■ What the exercise asks ■
A faithful copy of the listing below is needed, one that contains no pictures.

■ Data block ■
Content starts

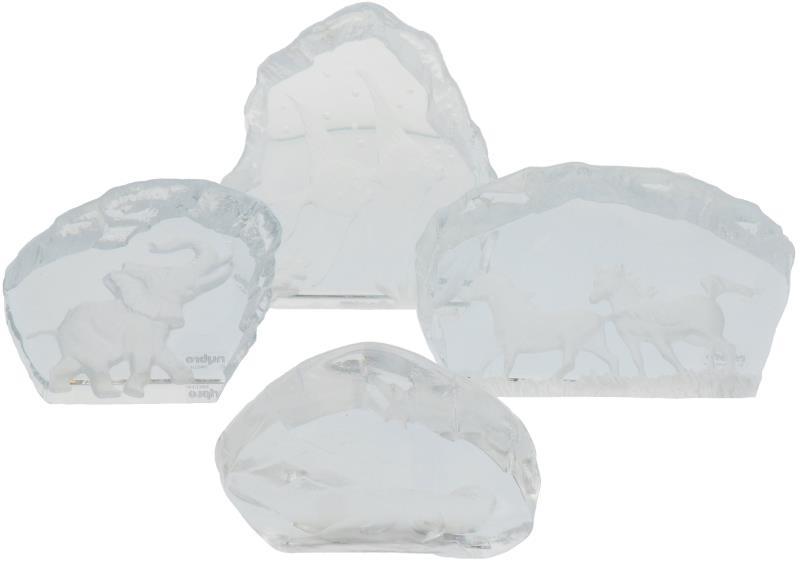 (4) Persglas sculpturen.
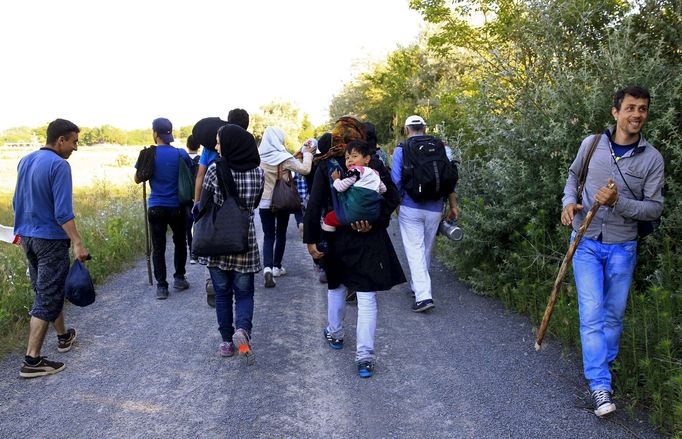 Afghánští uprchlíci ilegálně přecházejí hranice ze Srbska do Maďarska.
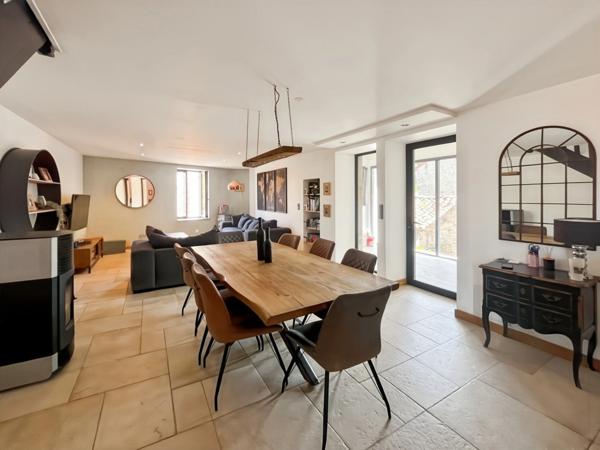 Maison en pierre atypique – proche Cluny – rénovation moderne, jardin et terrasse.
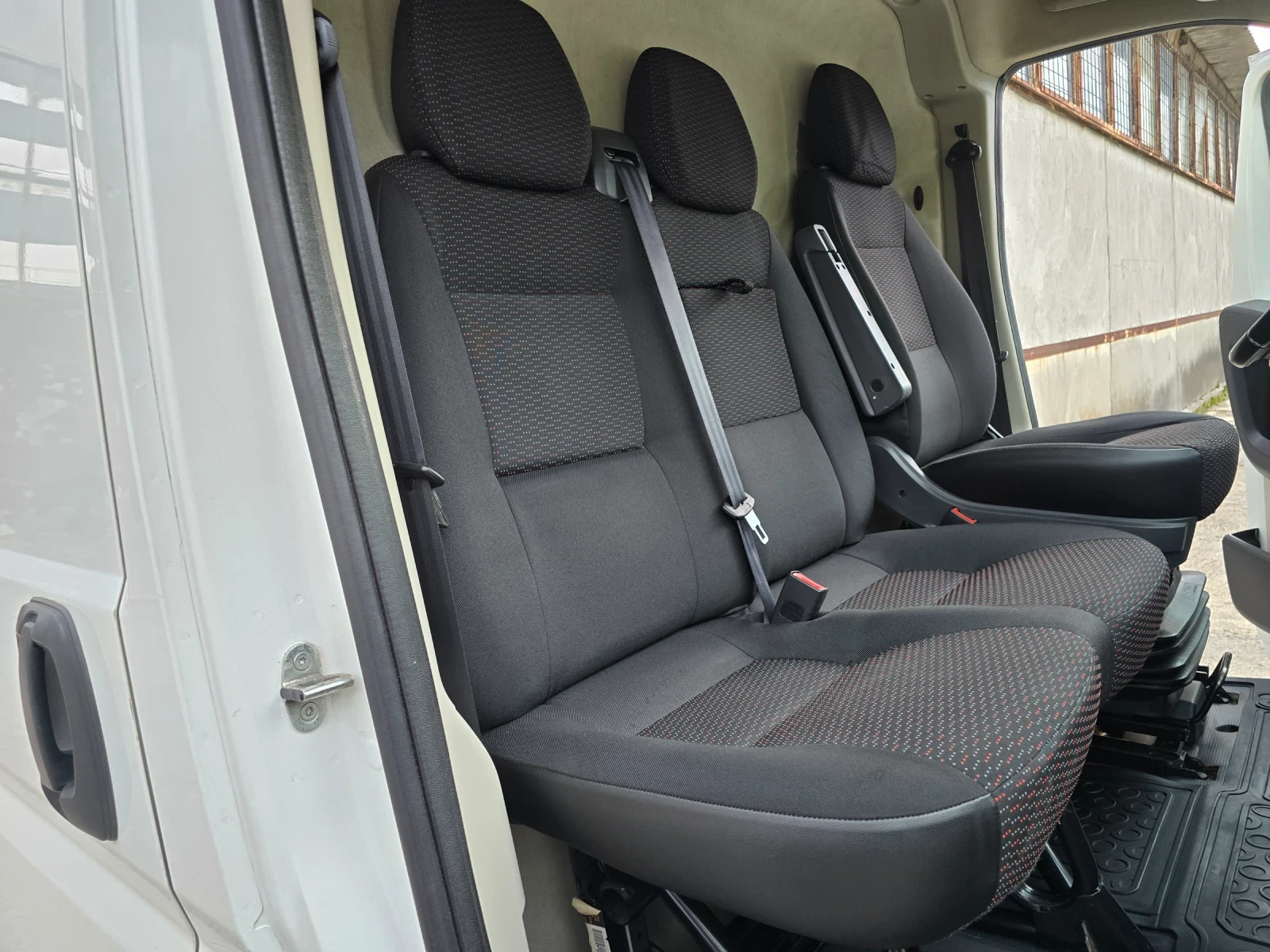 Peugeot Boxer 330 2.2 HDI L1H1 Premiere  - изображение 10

Content ends

■ Output for this task ■
 (4) Persglas sculpturen.
 Afghánští uprchlíci ilegálně přecházejí hranice ze Srbska do Maďarska.
 Maison en pierre atypique – proche Cluny – rénovation moderne, jardin et terrasse.
 Peugeot Boxer 330 2.2 HDI L1H1 Premiere  - изображение 10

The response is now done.